Les évêques reçurent donc, dans leurs attributions, une partie considérable de la police temporelle, et en outre cette espèce de surveillance qui en est la fonction la plus noble, la plus utile, et qu'ils pouvoient exercer sans déroger à la sainteté et à la gravité de leur caractère. Ils furent chargés de veiller à l'observation des ordonnances du prince et de lui rendre compte de la manière dont elles étoient exécutées[378]; ils avoient une inspection particulière sur les comtes ou principaux magistrats des provinces; les serfs ou colons, et généralement toutes les classes inférieures de la société, étoient placés sous leur protection spéciale; ils les défendoient contre les abus du pouvoir, et avoient le droit de modérer à leur égard la trop grande rigueur des châtiments[379]; ils devoient avertir le roi de la négligence de ses agents dans l'exercice de leurs fonctions; ils étoient encore ses Commissaires dans leurs diocèses, et jouissoient de tous les priviléges attachés à cette dignité.
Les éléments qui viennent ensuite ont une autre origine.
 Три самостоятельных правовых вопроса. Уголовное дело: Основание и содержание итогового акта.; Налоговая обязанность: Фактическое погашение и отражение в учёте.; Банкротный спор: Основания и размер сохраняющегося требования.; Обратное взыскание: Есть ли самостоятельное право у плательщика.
En vertu de cette extension qu'avoit reçue leur juridiction, ils tenoient, quand il étoit nécessaire, des plaids auxquels se rendoient tous les habitants qui dépendoient de leur évêché, tant clercs que laïques. On faisoit paroître les coupables devant eux: ils les prêchoient, les exhortoient, les admonestoient, et lorsque le cas l'exigeoit, prononçoient contre eux la peine canonique que comportoit la nature de leur délit. Le juge royal assistoit à ces espèces d'assises, soit pour concourir au jugement, lorsque le châtiment étoit grave, et que son concours étoit nécessaire, soit pour forcer le coupable à subir toute pénitence plus légère qui lui avoit été imposée, et à laquelle il auroit refusé de se soumettre[380]. C'étoit par un semblable motif que le comte accompagnoit ordinairement l'évêque dans la visite qu'il faisoit de son diocèse, afin d'amener par la force à la pénitence et à la satisfaction ceux que les censures de leur premier pasteur n'avoient pu toucher et corriger[381].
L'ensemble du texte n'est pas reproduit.